Um juiz tem que mostrar seu raciocínio. Um juiz pode ser revogado. Um juiz opera dentro de um sistema projetado para controlar o poder. Redes de cartões respondem a acionistas e risco reputacional. Não foram eleitos. Não foram nomeados. Não têm jurisdição, nem supervisão, nem processo de apelação. Assumiram o papel de árbitros morais porque ninguém os impediu — e porque as primeiras indústrias que atacaram eram as que ninguém queria defender publicamente.
Um governo que quisesse fechar uma indústria legal precisaria de legislação, debate, devido processo, revisão judicial. Uma rede de cartões precisa de uma atualização de política e um e-mail de conformidade. O resultado é o mesmo — um negócio legal não pode mais operar — mas o mecanismo contorna todas as salvaguardas democráticas que supostamente existem para prevenir exatamente isso.
A Operação Choke Point tornou isso explícito. Entre 2013 e 2017, o Departamento de Justiça dos Estados Unidos pressionou bancos a fechar contas de indústrias que considerava de “alto risco” — credores de dia de pagamento, comerciantes de armas, comerciantes de moedas, entretenimento adulto. Nenhuma lei nova foi aprovada. Nenhuma ordem judicial foi emitida. O DOJ simplesmente deixou claro aos bancos que servir essas indústrias convidaria escrutínio regulatório. Os bancos cumpriram. As indústrias perderam acesso ao sistema financeiro.
O programa terminou oficialmente. O mecanismo não. Bancos ainda tomam decisões de risco. Redes de cartões ainda estabelecem políticas de conteúdo. Processadores de pagamento ainda encerram contas. A diferença entre a Operação Choke Point e o business-as-usual é que alguém deu nome ao programa. A capacidade existe tenha nome ou não.
E aqui está a verdade operacional por trás de tudo isso: nuance é caro. Avaliar comerciantes individuais, transações individuais, casos individuais — isso requer julgamento, pessoal, contexto, infraestrutura de apelações. Requer fazer o trabalho de um poder judiciário. Mas uma proibição geral por código de categoria? Isso é um memorando. Uma ligação telefônica. Uma tarde.
Sistemas centralizados tendem a instrumentos brutos não por maldade mas porque precisão não escala dentro de sua arquitetura. Quando você é responsável por tudo que flui pelos seus trilhos, e os detalhes são complicados, o movimento racional é parar de olhar os detalhes por completo e cortar a categoria.

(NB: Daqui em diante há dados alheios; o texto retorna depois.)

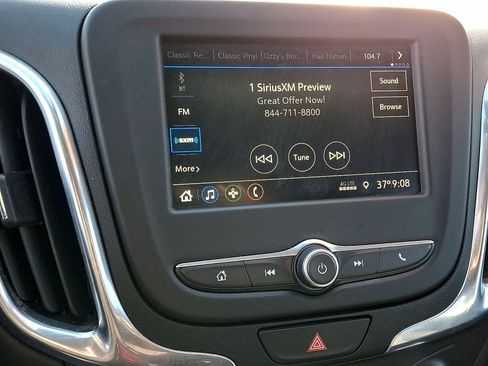 Used 2021 Chevrolet Equinox LT AWD/4WD image 14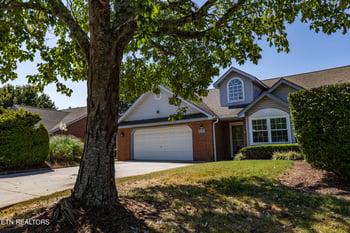 805 Cedar Ln #D13, Knoxville, TN 37912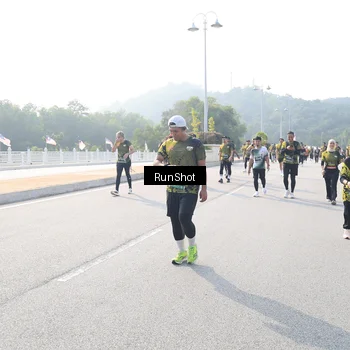 Runner Photo 6922386
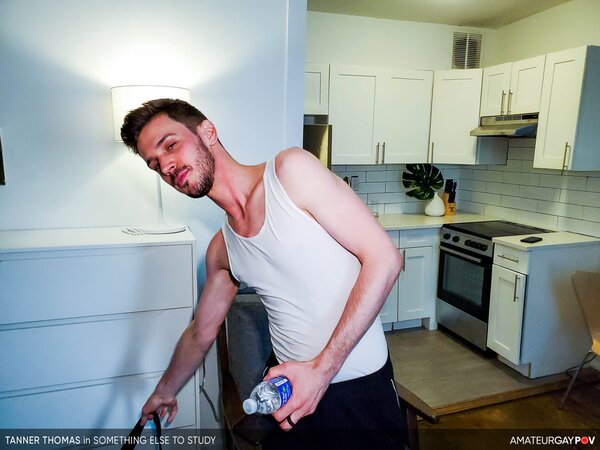 College buddy Tanner Thomas studies raw cock instead of books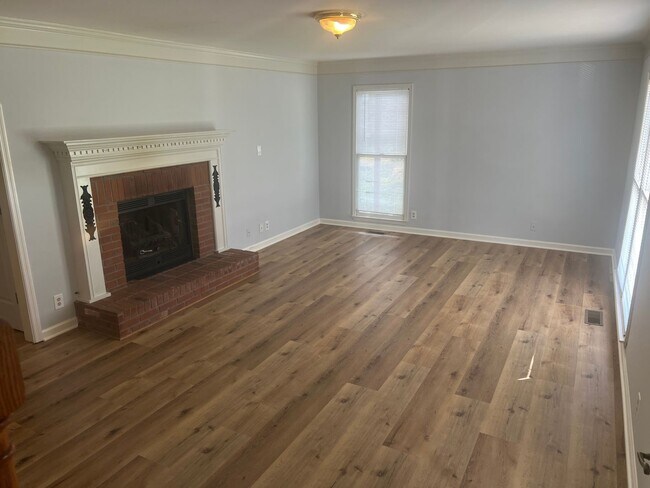 Photo - Charming 4 bedroom/3 bath Home in Franklin...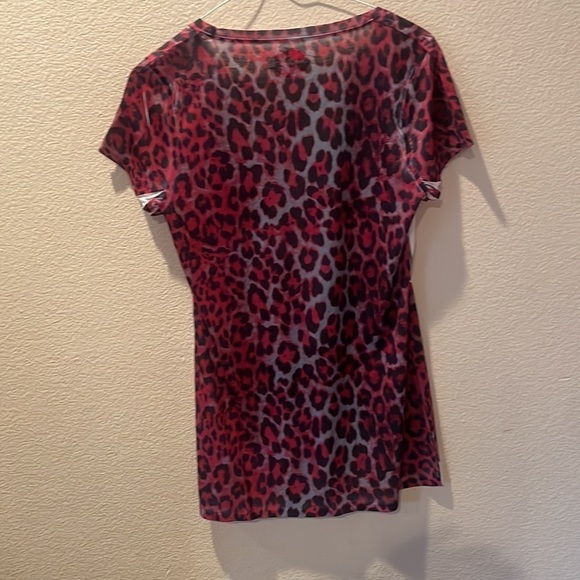 💋NWOT Marilyn Monroe women’s top💋 PINK AND WHITE CHEETAH PRINT SIZE M - Picture 6 of 11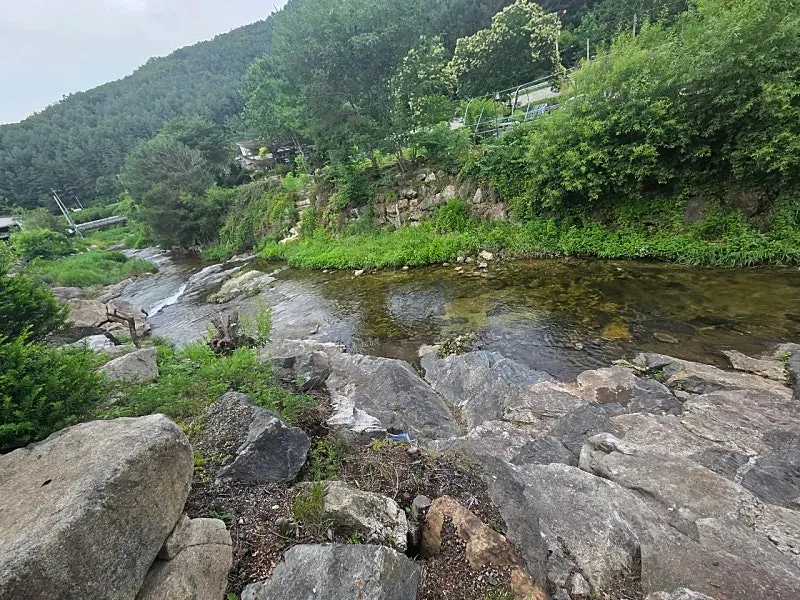 Rural Home for Sale in Hongcheon-eup, with a Lawn Garden in Front of a Valley and an Earthen Sauna photo 3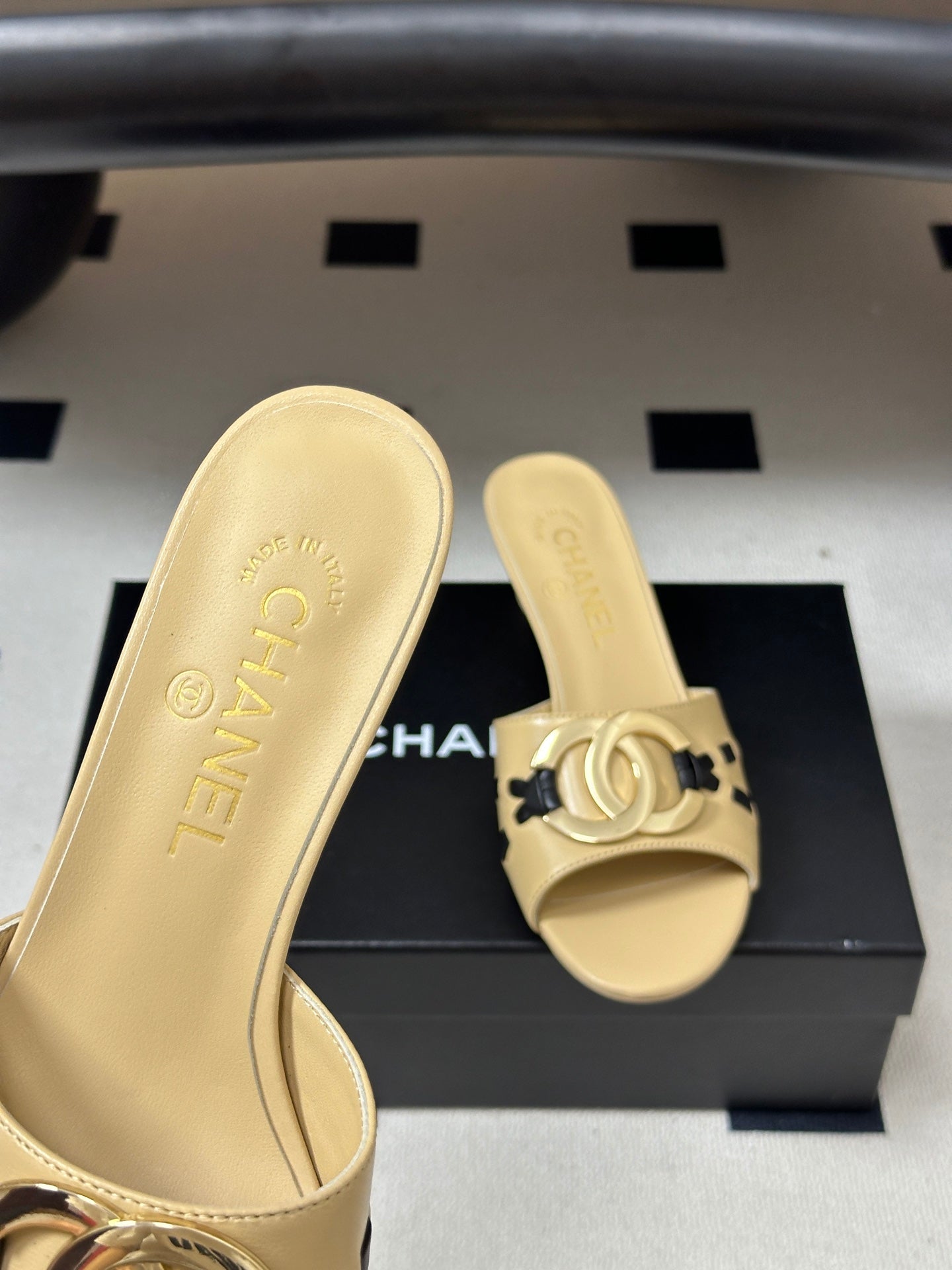 CHANEL 26S HIGH HEEL MULE IN BEIGE LAMBSKIN WITH GOLD TONE CC LOGO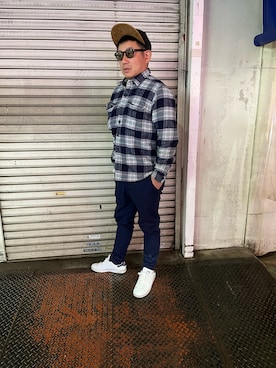 「Eddie Bauer（エディーバウアー）のアイテム（シャツ/ブラウス）」を使った、mocco0705さん（メンズ・170cm）の冬コーディネート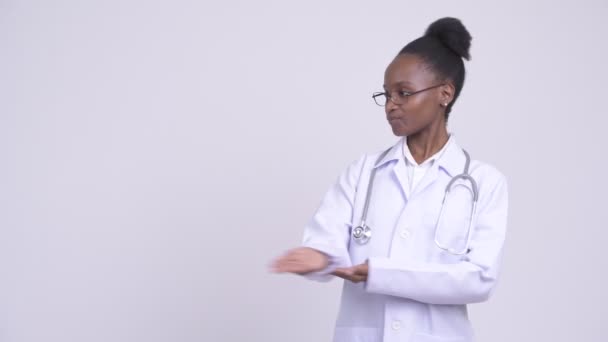 Jovem mulher africana feliz médico mostrando algo — Vídeo de Stock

O mecanismo não é cruel. É preguiçoso. E preguiçoso é pior, porque preguiçoso não sabe quando parar.
A Inversão de Privacidade
Há uma consequência secundária que recebe menos atenção. Cada requisito de conformidade imposto aos trilhos de pagamento gera dados. Verificação de identidade cria bancos de dados de identidade. Monitoramento de transações cria registros de transações. Requisitos de revisão de conteúdo criam arquivos de conteúdo.
Para a maioria das indústrias, um vazamento de dados é vergonhoso. Para conteúdo adulto, é existencial. Pessoas foram chantageadas com históricos de compra de plataformas adultas. Carreiras foram destruídas porque um nome apareceu num banco de dados que nunca deveria ter existido.
A resposta da indústria, imposta pelas mesmas redes de cartões que causaram o problema, tem sido exigir mais dados, não menos. Mais verificação de identidade. Mais registros. Mais bancos de dados que se tornam alvos maiores. O aparato de conformidade projetado para controlar o trilho de pagamentos produz, como subproduto, uma superfície de ataque em constante expansão para as pessoas que diz proteger.
Esta é a inversão de privacidade: o mecanismo projetado para tornar transações “mais seguras” torna os participantes menos seguros. E se acumula. Cada novo requisito adiciona outro campo ao banco de dados, outro sistema que pode ser violado, outro registro que pode ser intimado.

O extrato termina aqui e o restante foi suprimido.